The descriptors around each role, the accomplishments or “signature moves” in each assignment are bullets that stand out rather than get buried in the narrative. Each of these accomplishments should answer the question, “Which resulted in what?” They must emphasize key business outcomes and metrics that matter like: revenue growth, shareholder value, increased average order value (AOV) or market share, enhanced profitability, cost-savings, speed to market, (real) consumer engagement, traffic or other performance criteria
5. Create your Reality with your Vocabulary!
Stay away from vague or generic narrative like, “results-driven, outside the box thinker who enables teammates by being proactive…” Just shoot me now–because the reader already shot you!
Don’t use self-descriptive terms that tell how you are self-starter, collaborative, creative, strategic, synergistic, knowledgeable, team-player, work-ethic, passionate, or God forbid VISIONARY. Instead, tell us what you DID and let the results, outcomes (remember – which resulted in “”), awards and of course IPOs speak for themselves!
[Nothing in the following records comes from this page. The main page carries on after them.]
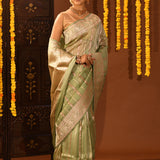 Lime Green With Stripes And Floral Zari Border Is A Handwoven Banarasi Silk Saree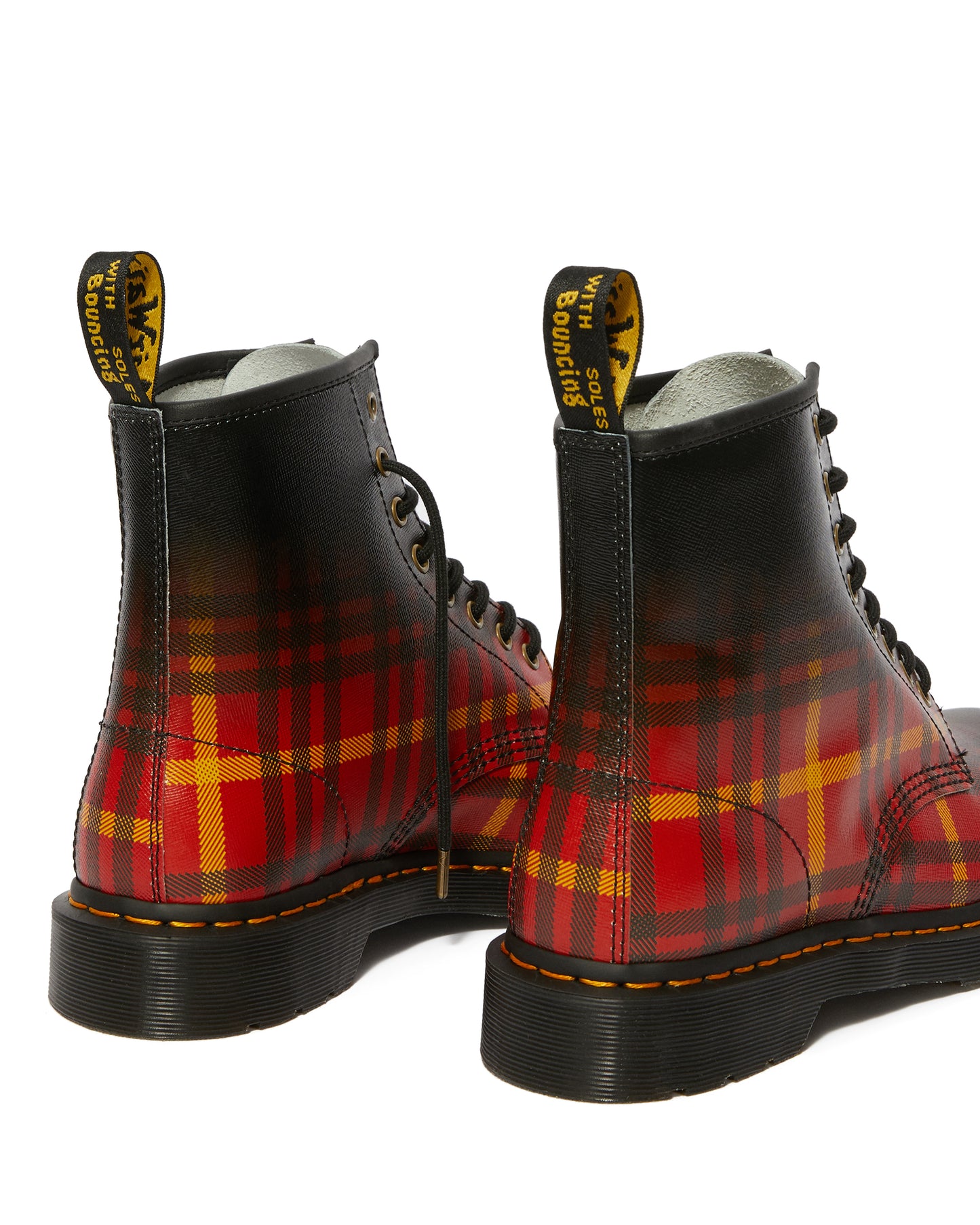 1460 MULTI+BLACK TARTAN BACKHAND STRAW GRAIN BOOT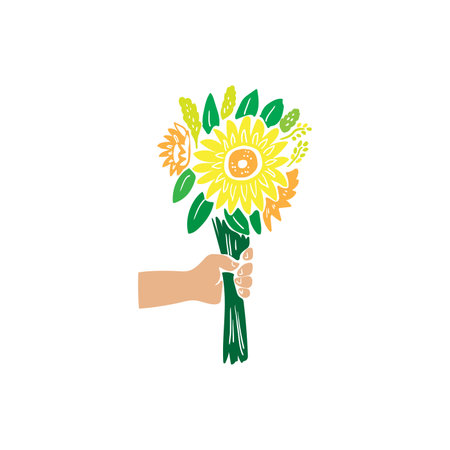 Bouquet of sunflowers in hand. Modern illustration isolated on white background.Stock vector illustration.のイラスト素材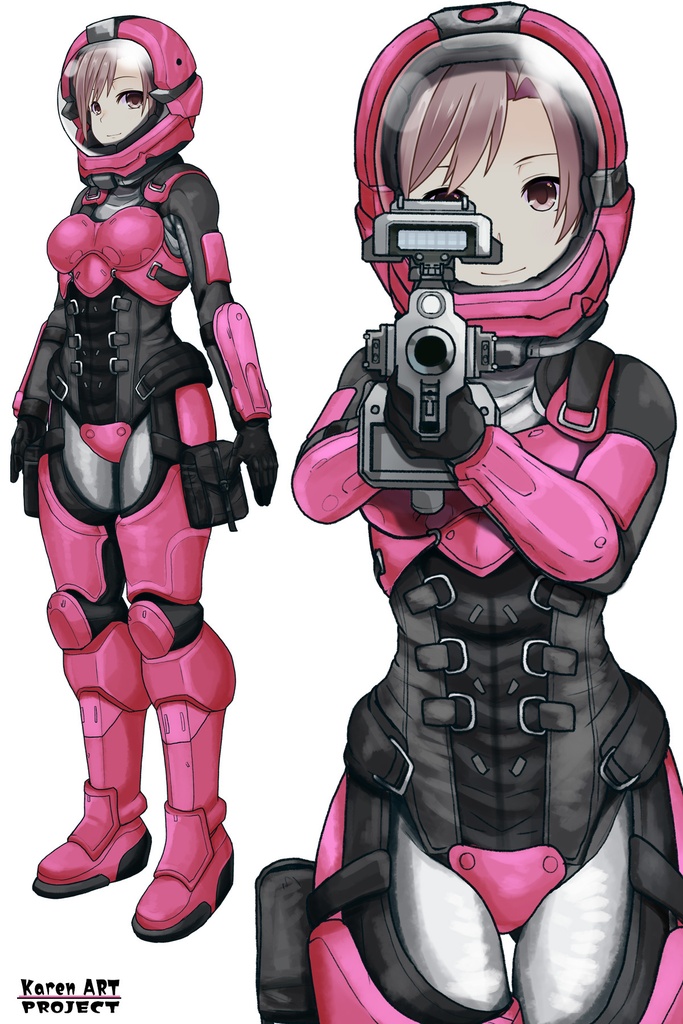 カレンちゃん+別班の犬の防弾スーツ(Karen Original Color Version)【別班の犬-3】斜め前アングル Diagonal front angle Karen is wearing Comic's Bulletproof Suit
Utilize action verbs to begin most bullets that illustrate what you did like: Delivered, Designed, Launched, Increased, Created, Implemented, Led, Managed, Owned, Deployed, Wrote… got it?
6. CHEAT!
You should read 50 or 60 resumes before you draft your own. If you don’t have e-mail folders full of them, Google them or ask CEOs, HR folks, hiring managers and of course Headhunters. I often share examples of the best resumes I have read with candidates. Don’t be shy! Take notes. Copy and Paste. Steal descriptors. Lift formatting.